A reliable colour appearance model is desired by industry to achieve high colour
fidelity between images produced using a range of different imaging devices. The aim
of this study was to derive a reliable colour appearance model capable of predicting
the change of perceived attributes of colour appearance under a wide range of
media/viewing conditions. The research was divided into three parts: characterising
imaging devices, conducting a psychophysical experiment, and developing a colour
appearance model.
Various imaging devices were characterised including a graphic art scanner, a
Cromalin proofing system, an IRIS ink jet printer, and a Barco Calibrator. For the
former three devices, each colour is described by four primaries: cyan (C), magenta
(M), yellow (Y), and black (K). Three set of characterisation samples (120 and 31
black printer, and cube data sets) were produced and measured for deriving and
testing the printing characterisation models. Four black printer algorithms (BPA),
were derived. Each included both forward and reverse processes. A 2nd BPA printing
model taking into account additivity failure, grey component replacement (GCR)
algorithm gave the most accurate prediction to the characterisation data set than the
other BPA models. The PLCC (Piecewise Linear interpolation assuming Constant
Chromaticity coordinates) monitor model was also implemented to characterise the
Barco monitor.
The psychophysical experiment was conducted to compare Cromalin hardcopy
images viewed in a viewing cabinet and softcopy images presented on a monitor
under a wide range of illuminants (white points) including: D93, D65, D50 and A.

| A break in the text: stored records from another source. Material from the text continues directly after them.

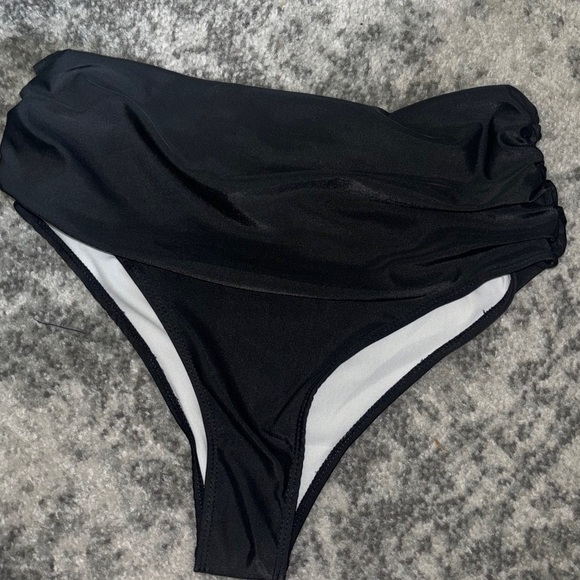 New Amazon Black High Waist Shirred Bikini Bottom Size: Large - Picture 2 of 3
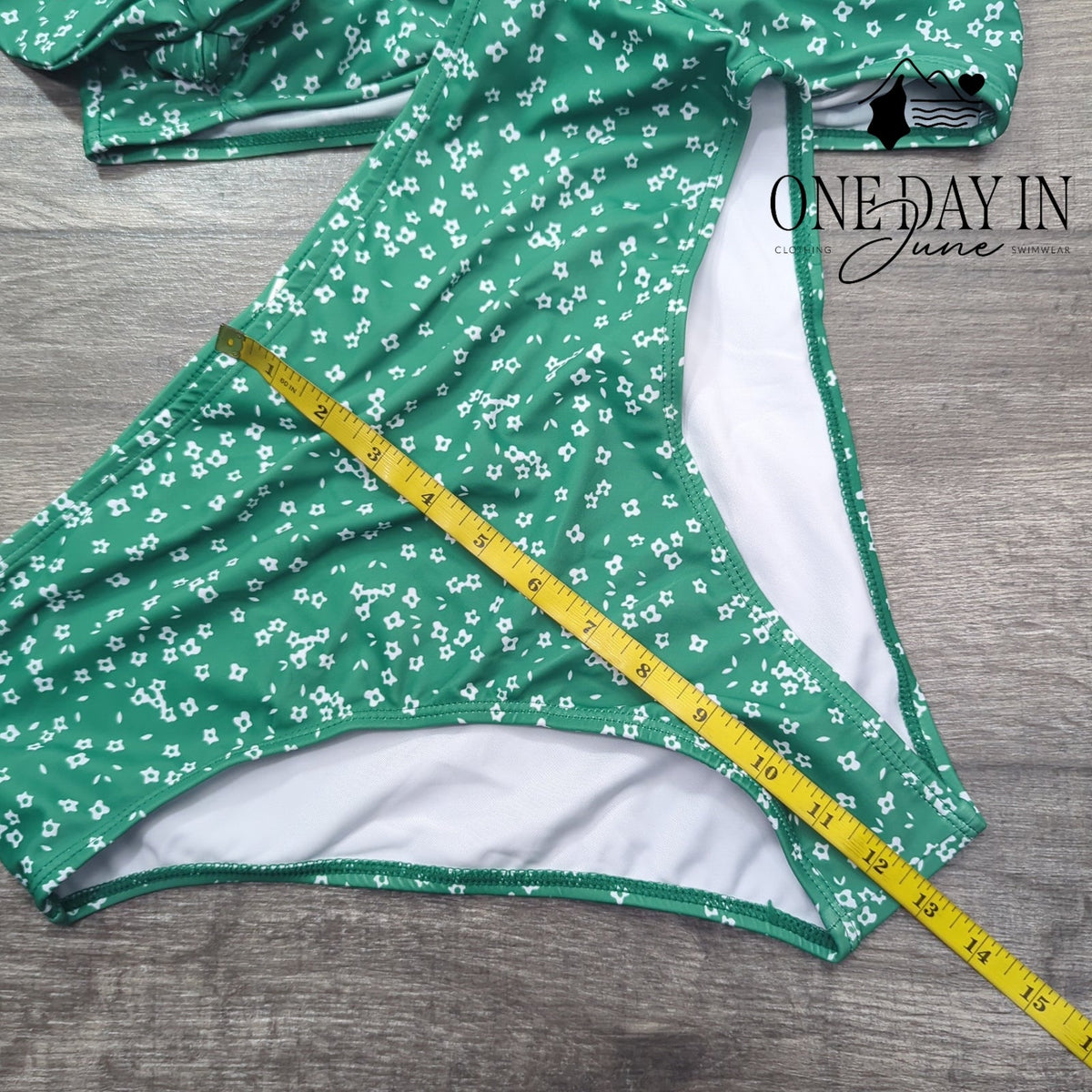 CharmLeaks Floral Crop Tie Front High Waist Bikini Green White Size XL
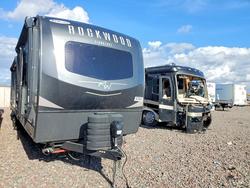 Rockwood Vehiculos salvage en venta: 2025 Rockwood Signature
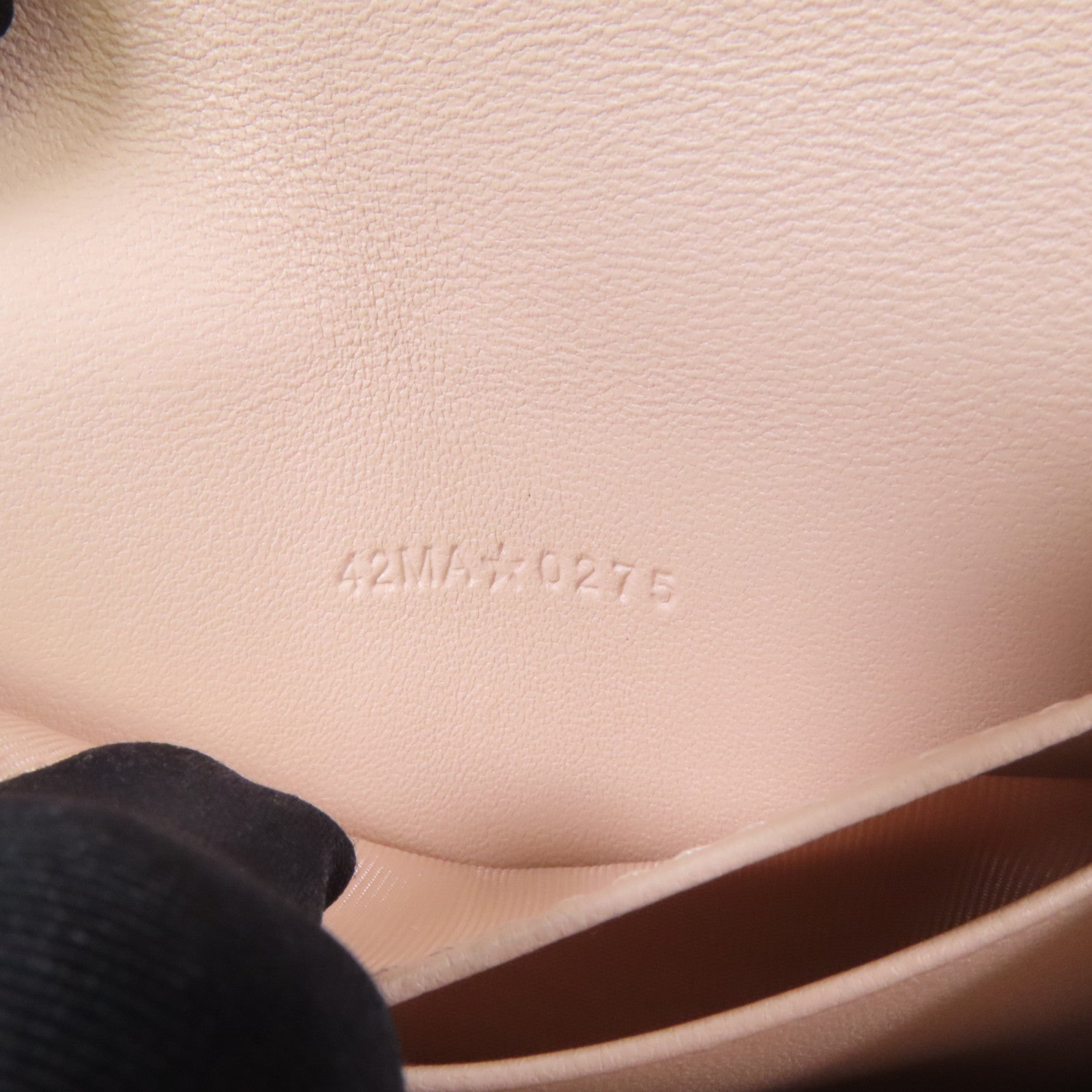 Dior 羊革皮革Caro Dahlia金扣卡片套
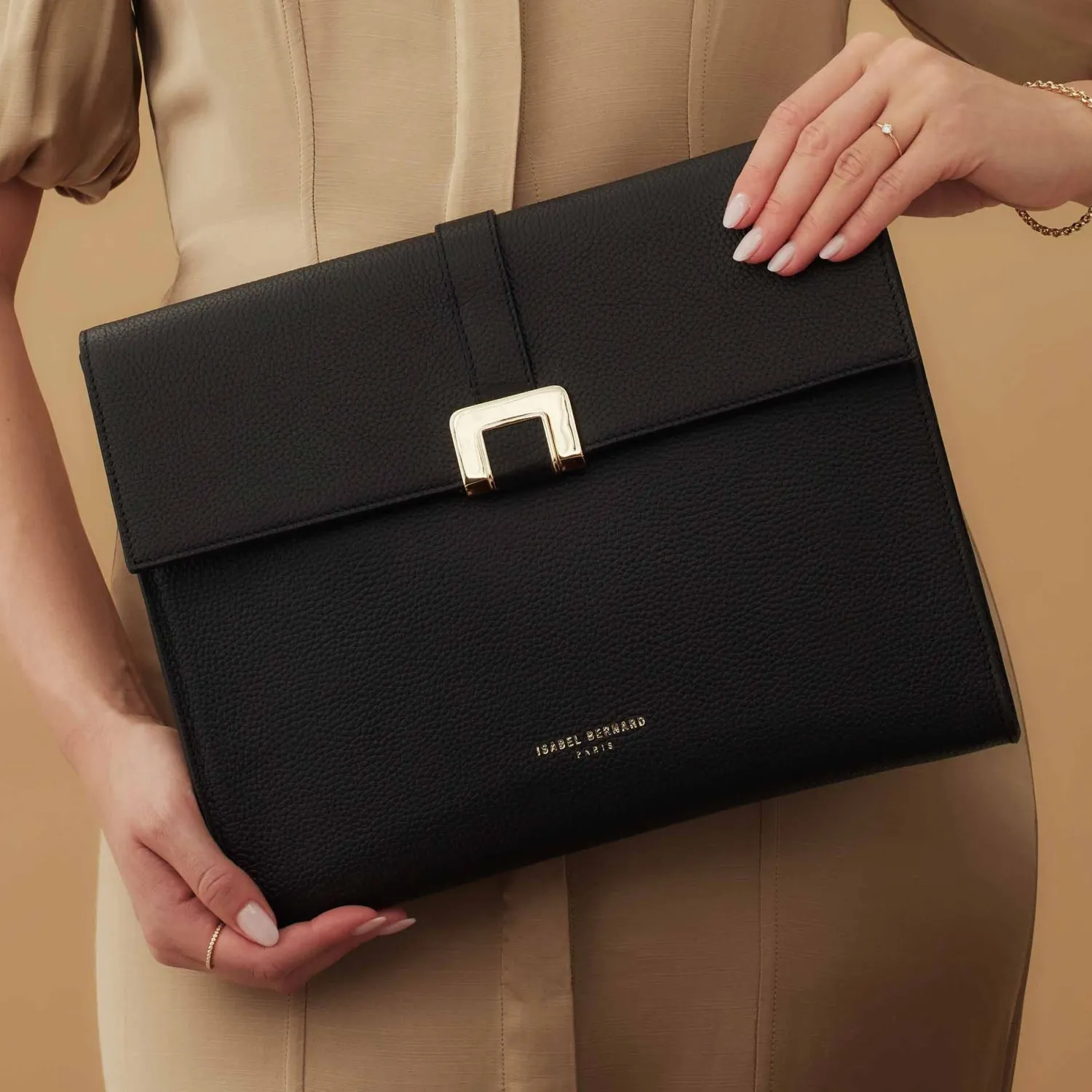 New Honoré Clara zwarte leren laptop hoes van kalfsleer met schouderriem Laptophoezen | Laptophoezen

Two scaling methods: category judgement and paired comparison, were employed by
viewing a pair of images. Three classes of colour models were evaluated: uniform
colour spaces, colour appearance models and chromatic adaptation transforms. Six
images were selected and processed via each colour model. The results indicated that
the BFD chromatic transform gave the most accurate predictions of the visual results.
Finally, a colour appearance model, LLAB, was developed. It is a combination of the
BFD chromatic transform and a modified version of CIELAB uniform colour space to
fit the LUTCRI Colour Appearance Data previously accumulated. The form of the
LLAB model is much simpler and its performance is more precise to fit experimental
data than those of the other models.